Your task:
Exactly reproduce the lines of the listing below from the one containing "Klucz do deskorolki Unit - Tool (orange)" through the one containing "El tremendo homenaje". Skip the images.

Data in this exercise:
-*-*-

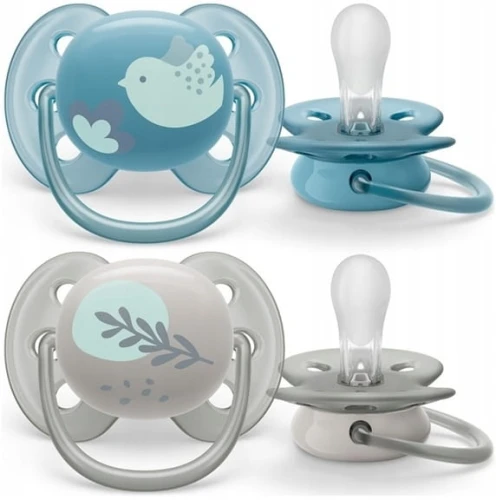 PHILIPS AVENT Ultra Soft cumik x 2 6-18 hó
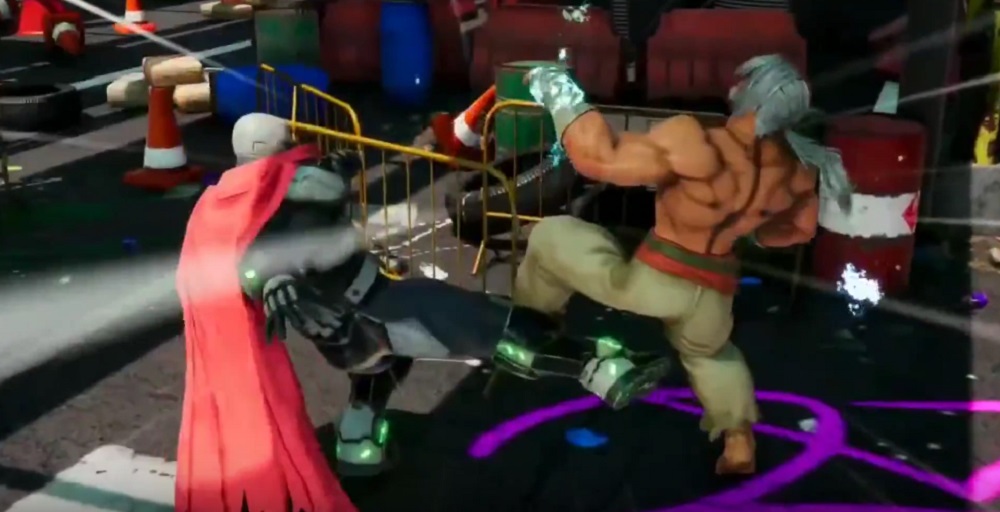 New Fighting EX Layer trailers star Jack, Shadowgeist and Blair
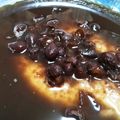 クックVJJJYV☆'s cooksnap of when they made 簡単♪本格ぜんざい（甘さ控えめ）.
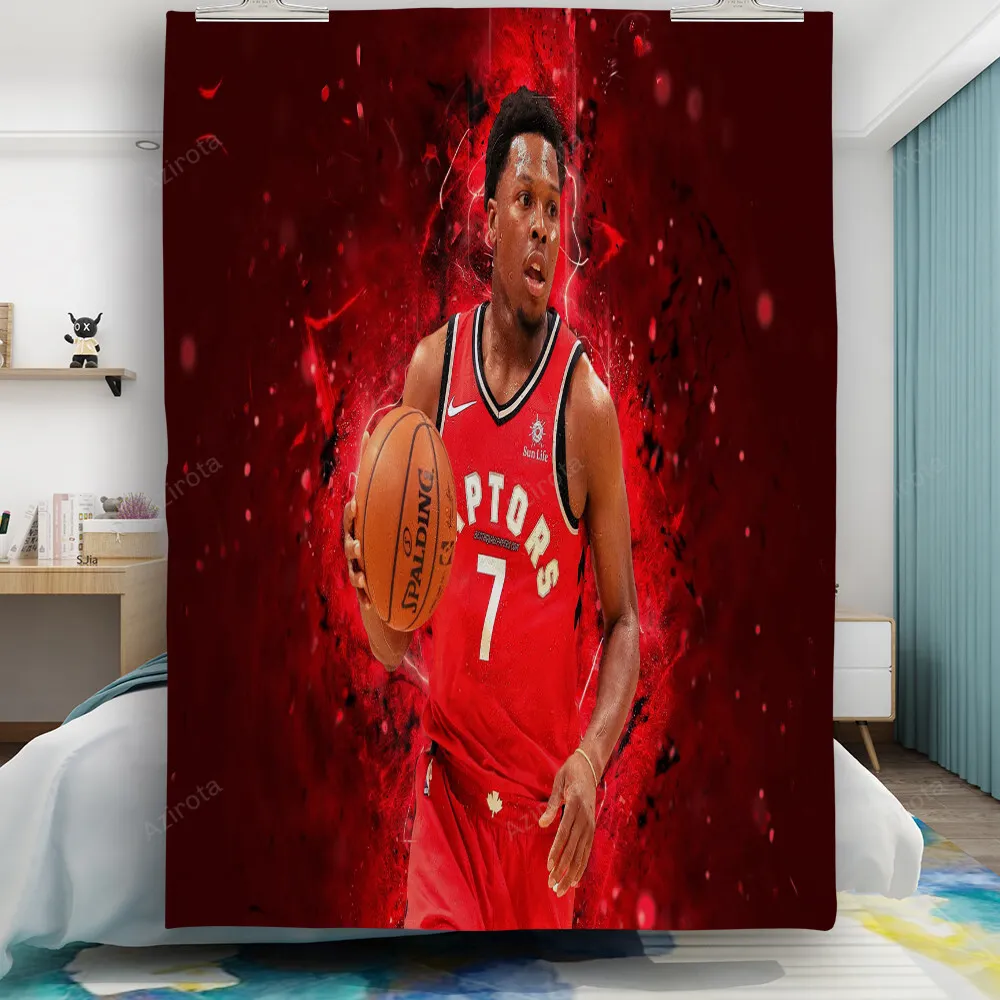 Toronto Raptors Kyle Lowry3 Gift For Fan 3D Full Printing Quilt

-*-*-

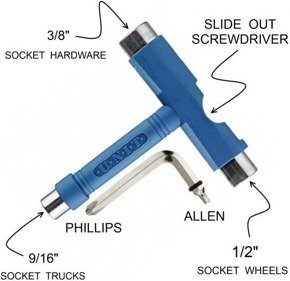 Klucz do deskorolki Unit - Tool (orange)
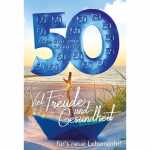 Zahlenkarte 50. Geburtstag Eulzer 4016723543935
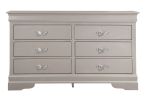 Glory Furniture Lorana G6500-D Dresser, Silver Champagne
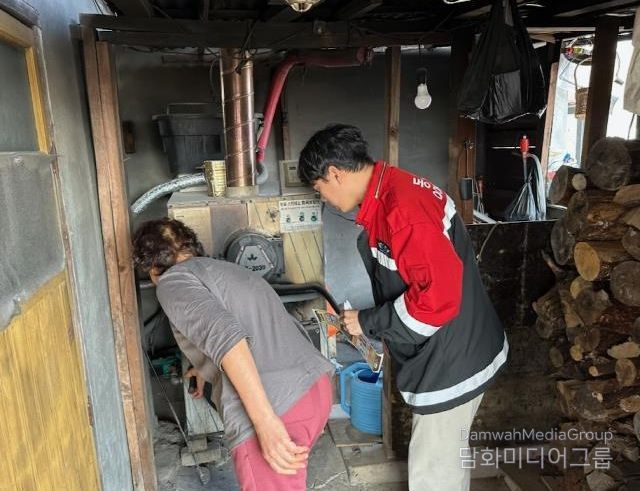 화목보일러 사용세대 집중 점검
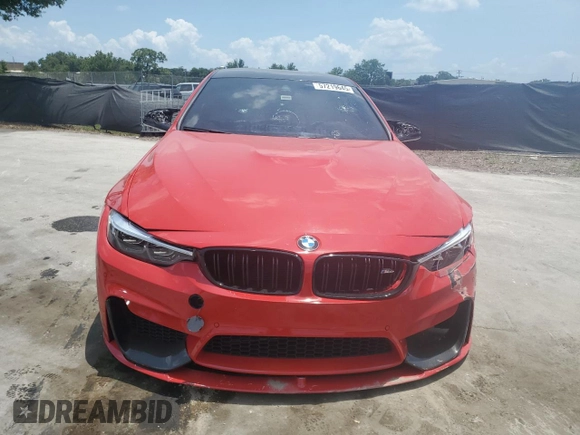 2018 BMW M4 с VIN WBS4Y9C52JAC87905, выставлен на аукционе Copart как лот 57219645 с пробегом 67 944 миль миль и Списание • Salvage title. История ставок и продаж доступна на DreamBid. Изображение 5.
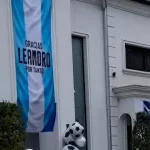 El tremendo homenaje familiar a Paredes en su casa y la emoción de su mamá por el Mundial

-*-*-

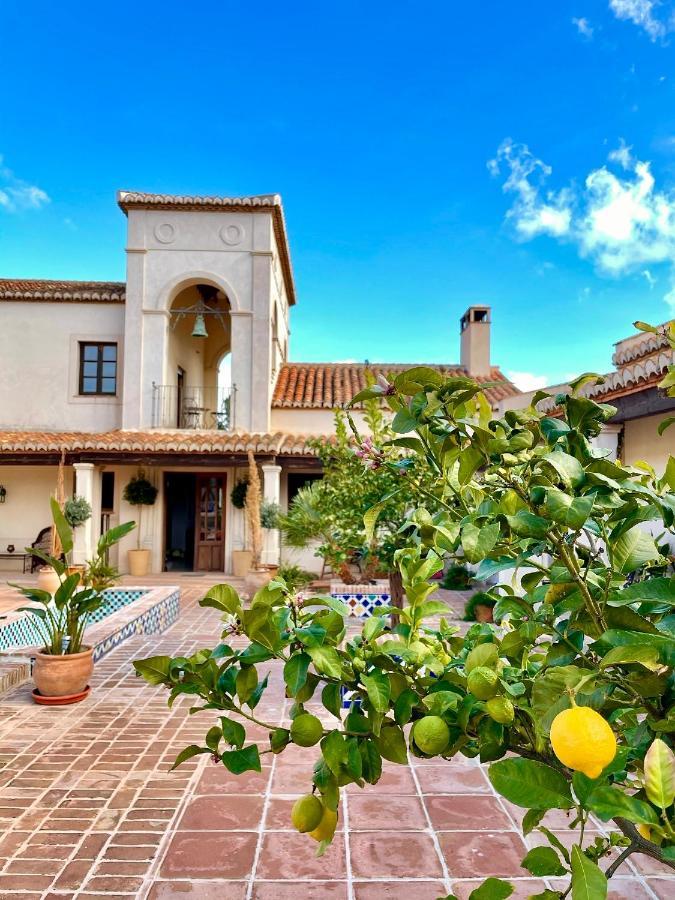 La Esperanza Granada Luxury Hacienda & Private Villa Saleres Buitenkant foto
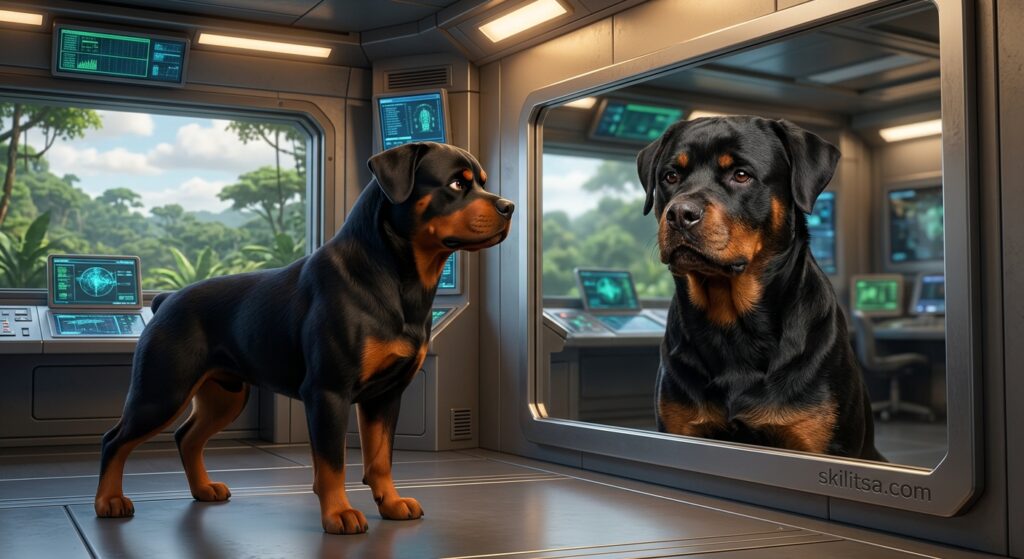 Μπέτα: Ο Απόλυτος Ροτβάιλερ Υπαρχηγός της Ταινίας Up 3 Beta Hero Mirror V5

-*-*-

Reply to the task:
 Klucz do deskorolki Unit - Tool (orange)
 Zahlenkarte 50. Geburtstag Eulzer 4016723543935
 Glory Furniture Lorana G6500-D Dresser, Silver Champagne
 화목보일러 사용세대 집중 점검
 2018 BMW M4 с VIN WBS4Y9C52JAC87905, выставлен на аукционе Copart как лот 57219645 с пробегом 67 944 миль миль и Списание • Salvage title. История ставок и продаж доступна на DreamBid. Изображение 5.
 El tremendo homenaje familiar a Paredes en su casa y la emoción de su mamá por el Mundial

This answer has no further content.